→ **Data to examine**:
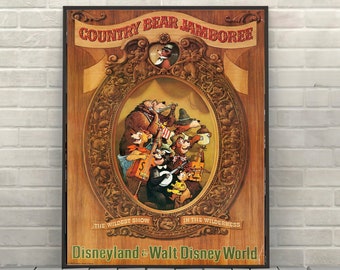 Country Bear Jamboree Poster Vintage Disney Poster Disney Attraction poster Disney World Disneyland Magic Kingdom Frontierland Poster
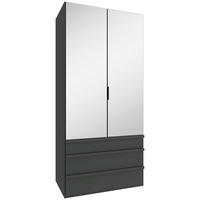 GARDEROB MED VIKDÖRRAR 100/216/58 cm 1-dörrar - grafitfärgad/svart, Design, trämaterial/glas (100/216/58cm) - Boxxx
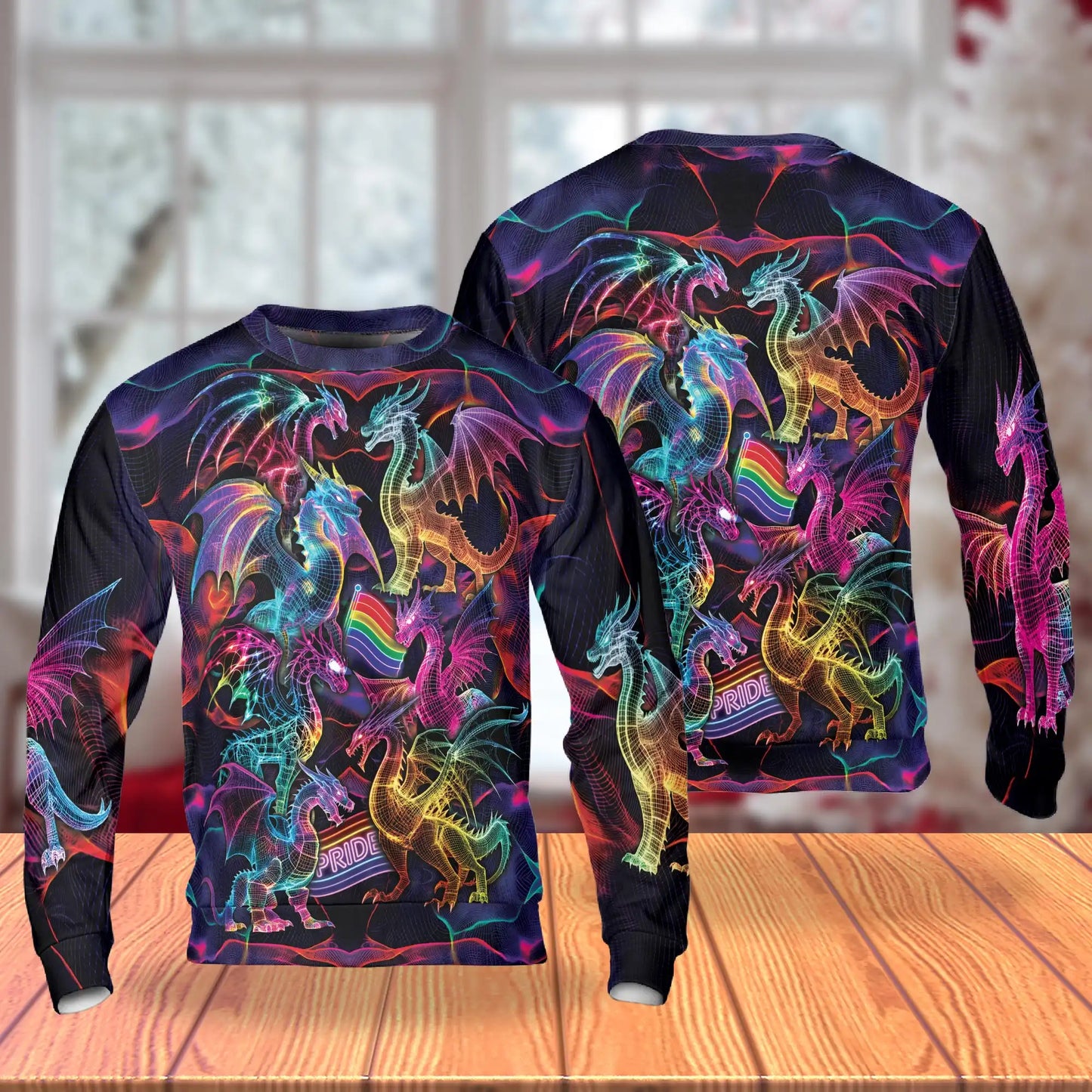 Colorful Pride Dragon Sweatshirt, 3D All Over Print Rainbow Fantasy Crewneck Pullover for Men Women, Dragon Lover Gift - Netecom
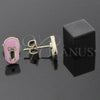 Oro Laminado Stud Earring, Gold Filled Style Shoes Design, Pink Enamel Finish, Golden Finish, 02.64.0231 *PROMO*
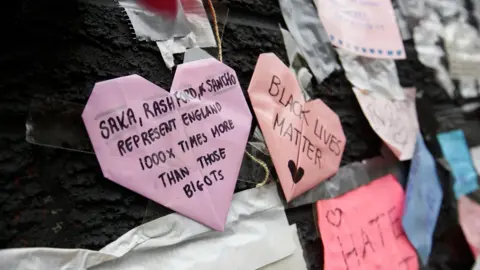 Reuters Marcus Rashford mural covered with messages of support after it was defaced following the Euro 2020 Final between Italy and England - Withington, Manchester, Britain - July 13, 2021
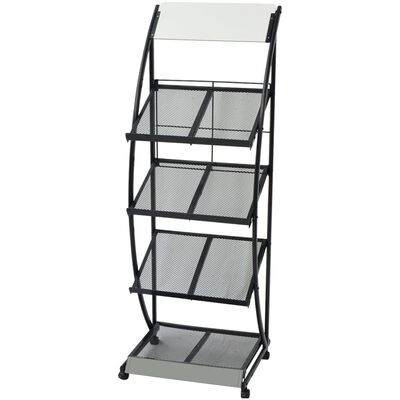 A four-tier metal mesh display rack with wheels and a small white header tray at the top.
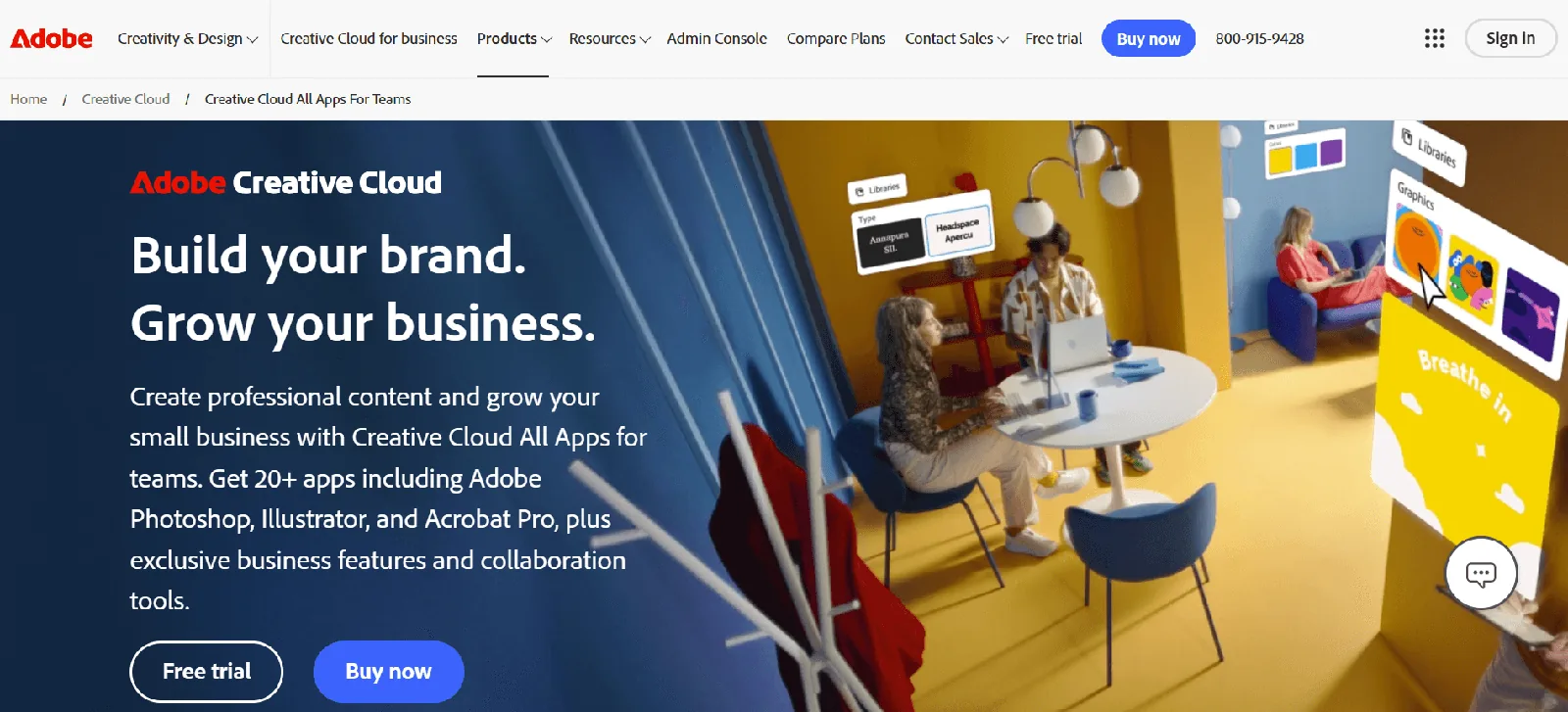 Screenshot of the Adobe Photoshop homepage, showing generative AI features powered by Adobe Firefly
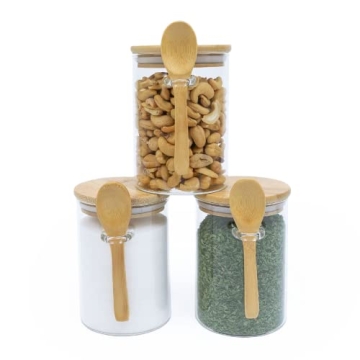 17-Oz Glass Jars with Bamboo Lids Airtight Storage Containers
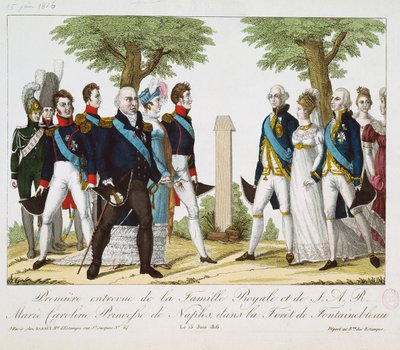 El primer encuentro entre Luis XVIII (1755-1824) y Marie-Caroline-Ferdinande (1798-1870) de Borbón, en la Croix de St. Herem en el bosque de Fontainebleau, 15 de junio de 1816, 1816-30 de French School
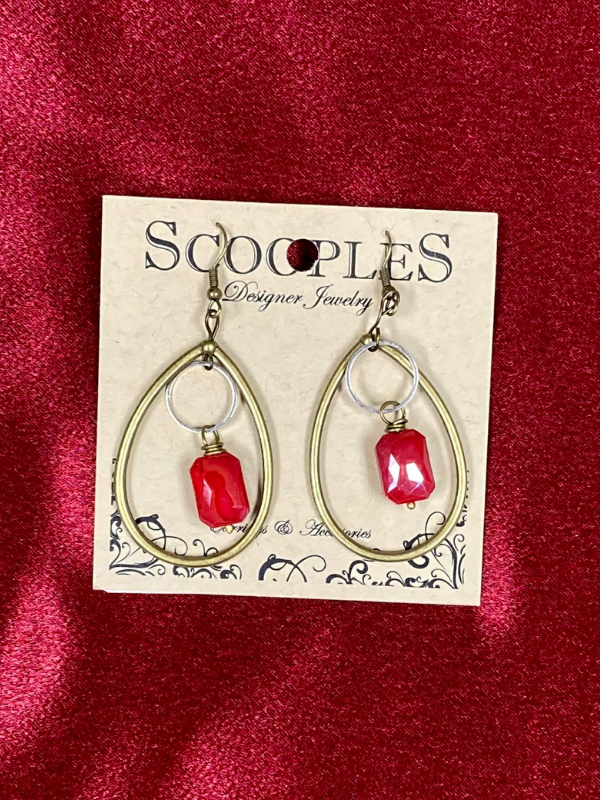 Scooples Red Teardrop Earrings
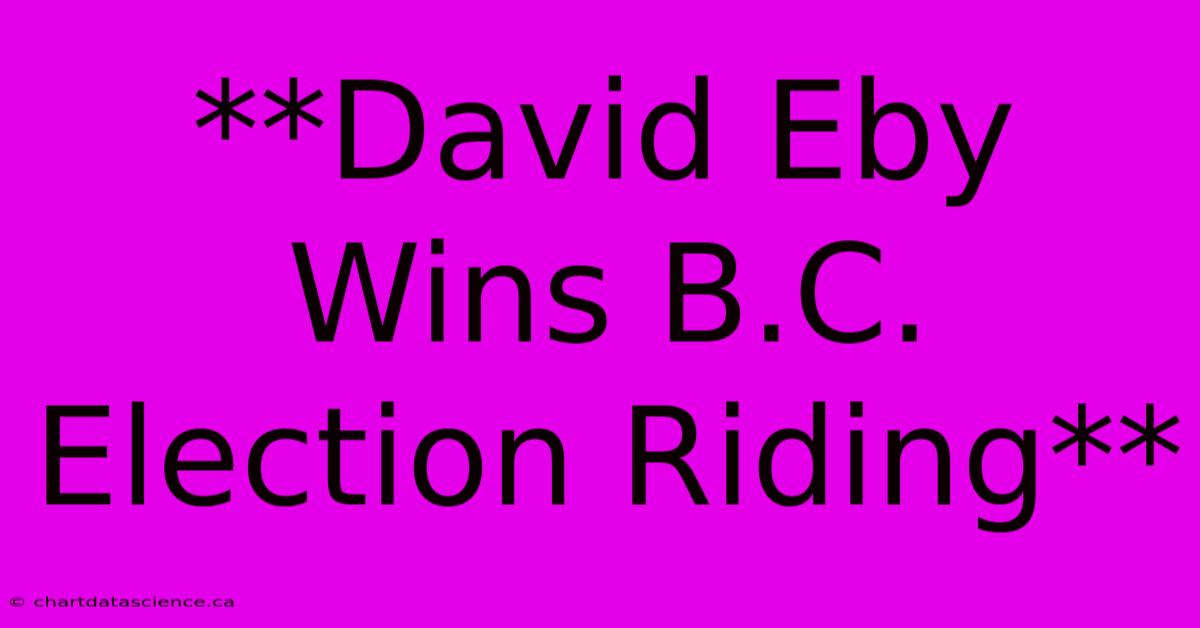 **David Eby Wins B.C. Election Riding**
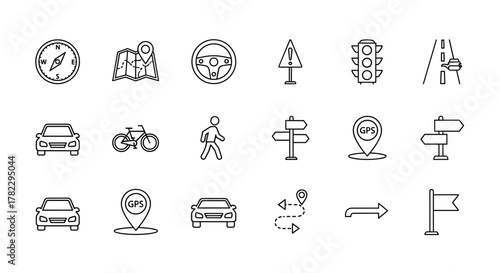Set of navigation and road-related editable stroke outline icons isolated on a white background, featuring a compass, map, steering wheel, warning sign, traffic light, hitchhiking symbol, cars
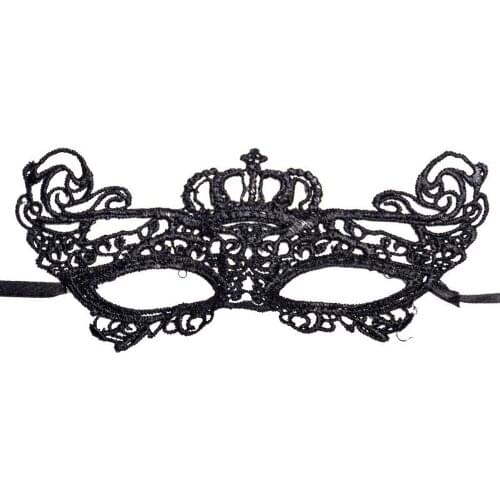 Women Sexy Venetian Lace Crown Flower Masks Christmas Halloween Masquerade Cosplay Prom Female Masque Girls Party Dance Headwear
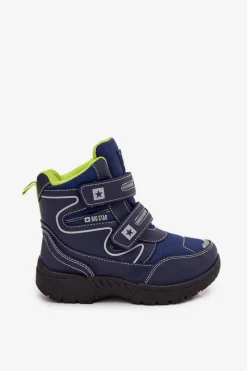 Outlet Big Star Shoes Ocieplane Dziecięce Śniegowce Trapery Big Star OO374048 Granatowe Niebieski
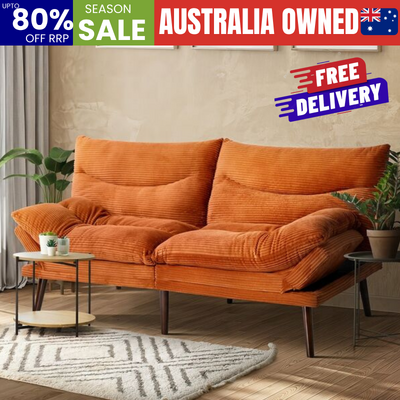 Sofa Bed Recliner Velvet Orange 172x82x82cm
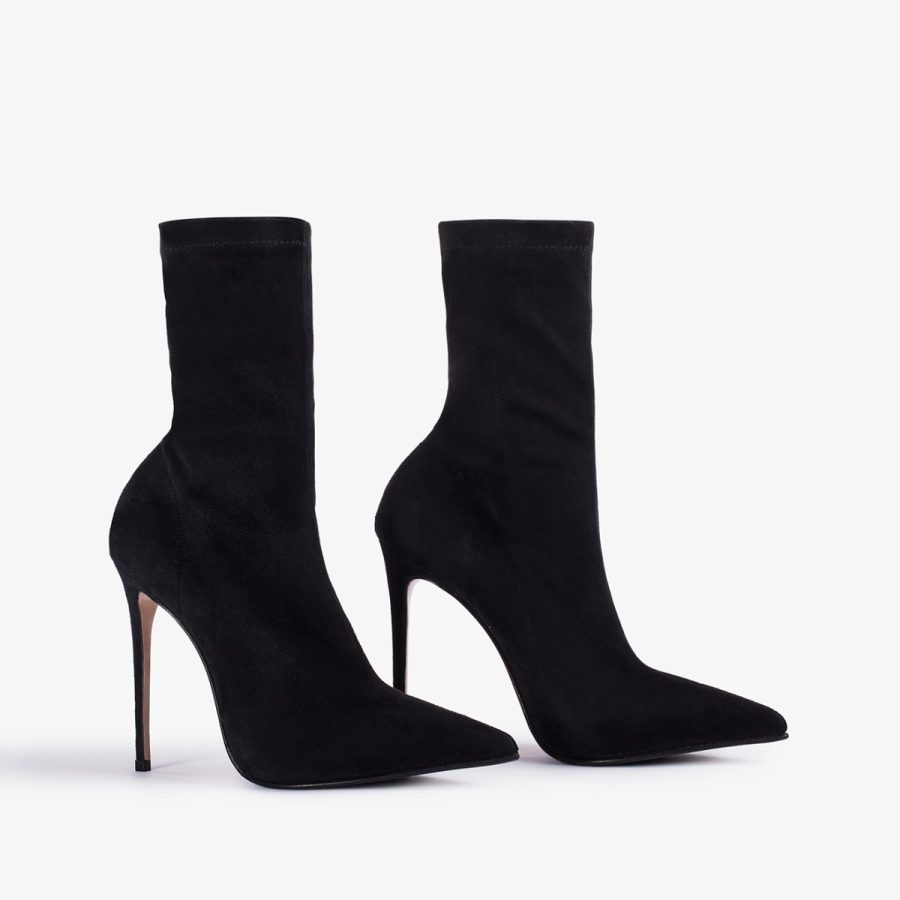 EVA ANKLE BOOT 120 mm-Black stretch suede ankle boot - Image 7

→ **Exercise prompt**:
Retype every entry exactly, but keep the pictures out of your copy.

→ **Final answer**:
 Country Bear Jamboree Poster Vintage Disney Poster Disney Attraction poster Disney World Disneyland Magic Kingdom Frontierland Poster
 GARDEROB MED VIKDÖRRAR 100/216/58 cm 1-dörrar - grafitfärgad/svart, Design, trämaterial/glas (100/216/58cm) - Boxxx
 Colorful Pride Dragon Sweatshirt, 3D All Over Print Rainbow Fantasy Crewneck Pullover for Men Women, Dragon Lover Gift - Netecom
 Oro Laminado Stud Earring, Gold Filled Style Shoes Design, Pink Enamel Finish, Golden Finish, 02.64.0231 *PROMO*
 Reuters Marcus Rashford mural covered with messages of support after it was defaced following the Euro 2020 Final between Italy and England - Withington, Manchester, Britain - July 13, 2021
 A four-tier metal mesh display rack with wheels and a small white header tray at the top.
 Screenshot of the Adobe Photoshop homepage, showing generative AI features powered by Adobe Firefly
 17-Oz Glass Jars with Bamboo Lids Airtight Storage Containers
 El primer encuentro entre Luis XVIII (1755-1824) y Marie-Caroline-Ferdinande (1798-1870) de Borbón, en la Croix de St. Herem en el bosque de Fontainebleau, 15 de junio de 1816, 1816-30 de French School
 Scooples Red Teardrop Earrings
 **David Eby Wins B.C. Election Riding**
Set of navigation and road-related editable stroke outline icons isolated on a white background, featuring a compass, map, steering wheel, warning sign, traffic light, hitchhiking symbol, cars
 Women Sexy Venetian Lace Crown Flower Masks Christmas Halloween Masquerade Cosplay Prom Female Masque Girls Party Dance Headwear
 Outlet Big Star Shoes Ocieplane Dziecięce Śniegowce Trapery Big Star OO374048 Granatowe Niebieski
 Sofa Bed Recliner Velvet Orange 172x82x82cm
 EVA ANKLE BOOT 120 mm-Black stretch suede ankle boot - Image 7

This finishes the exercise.